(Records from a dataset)
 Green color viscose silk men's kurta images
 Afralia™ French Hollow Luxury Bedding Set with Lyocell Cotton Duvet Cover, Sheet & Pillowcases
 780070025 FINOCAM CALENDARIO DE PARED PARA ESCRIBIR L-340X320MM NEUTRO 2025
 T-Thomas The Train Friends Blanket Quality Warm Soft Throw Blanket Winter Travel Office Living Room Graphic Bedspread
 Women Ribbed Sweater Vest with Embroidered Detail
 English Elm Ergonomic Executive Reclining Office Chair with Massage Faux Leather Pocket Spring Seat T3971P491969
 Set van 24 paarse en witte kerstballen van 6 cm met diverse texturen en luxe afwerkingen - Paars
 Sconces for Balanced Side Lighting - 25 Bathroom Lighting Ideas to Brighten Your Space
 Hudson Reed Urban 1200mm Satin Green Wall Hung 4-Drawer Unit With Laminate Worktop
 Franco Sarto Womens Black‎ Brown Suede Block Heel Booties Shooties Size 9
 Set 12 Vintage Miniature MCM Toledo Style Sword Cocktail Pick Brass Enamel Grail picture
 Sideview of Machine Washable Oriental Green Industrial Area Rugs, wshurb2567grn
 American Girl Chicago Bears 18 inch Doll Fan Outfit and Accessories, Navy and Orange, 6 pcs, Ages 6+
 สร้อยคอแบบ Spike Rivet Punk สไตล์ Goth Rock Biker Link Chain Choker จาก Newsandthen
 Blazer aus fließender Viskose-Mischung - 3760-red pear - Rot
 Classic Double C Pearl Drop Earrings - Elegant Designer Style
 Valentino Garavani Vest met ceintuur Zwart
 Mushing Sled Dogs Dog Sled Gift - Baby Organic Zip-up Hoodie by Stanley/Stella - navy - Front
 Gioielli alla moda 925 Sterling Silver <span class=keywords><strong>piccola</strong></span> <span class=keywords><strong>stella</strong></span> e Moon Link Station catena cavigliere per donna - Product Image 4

Required action → Output the data in full, exactly as it stands.

Finished exercise →
 Green color viscose silk men's kurta images
 Afralia™ French Hollow Luxury Bedding Set with Lyocell Cotton Duvet Cover, Sheet & Pillowcases
 780070025 FINOCAM CALENDARIO DE PARED PARA ESCRIBIR L-340X320MM NEUTRO 2025
 T-Thomas The Train Friends Blanket Quality Warm Soft Throw Blanket Winter Travel Office Living Room Graphic Bedspread
 Women Ribbed Sweater Vest with Embroidered Detail
 English Elm Ergonomic Executive Reclining Office Chair with Massage Faux Leather Pocket Spring Seat T3971P491969
 Set van 24 paarse en witte kerstballen van 6 cm met diverse texturen en luxe afwerkingen - Paars
 Sconces for Balanced Side Lighting - 25 Bathroom Lighting Ideas to Brighten Your Space
 Hudson Reed Urban 1200mm Satin Green Wall Hung 4-Drawer Unit With Laminate Worktop
 Franco Sarto Womens Black‎ Brown Suede Block Heel Booties Shooties Size 9
 Set 12 Vintage Miniature MCM Toledo Style Sword Cocktail Pick Brass Enamel Grail picture
 Sideview of Machine Washable Oriental Green Industrial Area Rugs, wshurb2567grn
 American Girl Chicago Bears 18 inch Doll Fan Outfit and Accessories, Navy and Orange, 6 pcs, Ages 6+
 สร้อยคอแบบ Spike Rivet Punk สไตล์ Goth Rock Biker Link Chain Choker จาก Newsandthen
 Blazer aus fließender Viskose-Mischung - 3760-red pear - Rot
 Classic Double C Pearl Drop Earrings - Elegant Designer Style
 Valentino Garavani Vest met ceintuur Zwart
 Mushing Sled Dogs Dog Sled Gift - Baby Organic Zip-up Hoodie by Stanley/Stella - navy - Front
 Gioielli alla moda 925 Sterling Silver <span class=keywords><strong>piccola</strong></span> <span class=keywords><strong>stella</strong></span> e Moon Link Station catena cavigliere per donna - Product Image 4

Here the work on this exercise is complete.